Auch das Thema bezahlbarer Wohnraum haben die Mitglieder des Ausschusses als äußerst dringlich qualifiziert, vor allem angesichts eines Mietwohnungsmarkts, der stark vom Tourismus geprägt ist. „Wer im Landkreis Arbeit findet, muss hier wohnen können. Ansonsten wird die Suche nach geeigneten Fachkräften noch schwieriger“, so Lingg. Aufgrund des angespannten Wohnmarktes will sich die regionale IHK-Vertretung in den kommenden Jahren für mehr bezahlbaren Wohnraum einbringen. Hier gilt es, das Thema noch deutlicher in den Fokus der öffentlichen Mandatsträger und der Verwaltung zu rücken. 2017 will der Ausschuss deshalb gezielt einen Dialog mit den kommunalen Entscheidungsträgern dazu anstoßen.

„Politik und Verwaltung beraten sowie Ansprechpartner für Unternehmen und Bürger sein: So sehen wir unsere Rolle als Regionalausschuss“, erläutert Lingg.

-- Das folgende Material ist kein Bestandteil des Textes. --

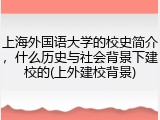上海外国语大学的校史简介，什么历史与社会背景下建校的(上外建校背景)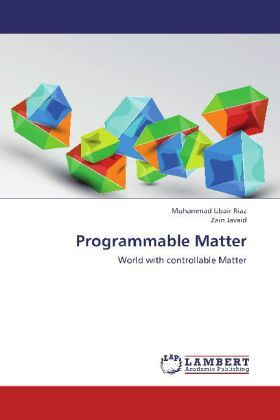 Cover: 9783659306785 | Programmable Matter | World with controllable Matter | Riaz (u. a.)
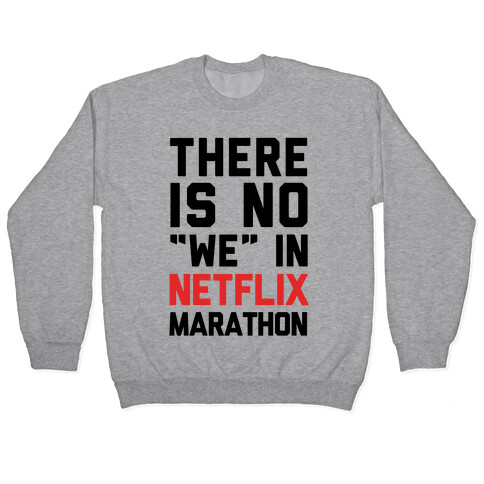 There Is No "We" In Netflix Marathon Pullover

Die Ausschussmitglieder werden deshalb jede Gelegenheit wahrnehmen, die Themen ihres Arbeitsprogramms in der Öffentlichkeit anzusprechen. „Die Unternehmen in unserer IHK-Vertretung verfügen über vielfältige Fachkompetenzen. Diese wollen wir für das Wohl der Wirtschaft und Allgemeinheit einbringen, um so den Landkreis Garmisch-Partenkirchen erfolgreich weiterzuentwickeln“, fasst Lingg die Arbeitsziele des Ausschusses zusammen.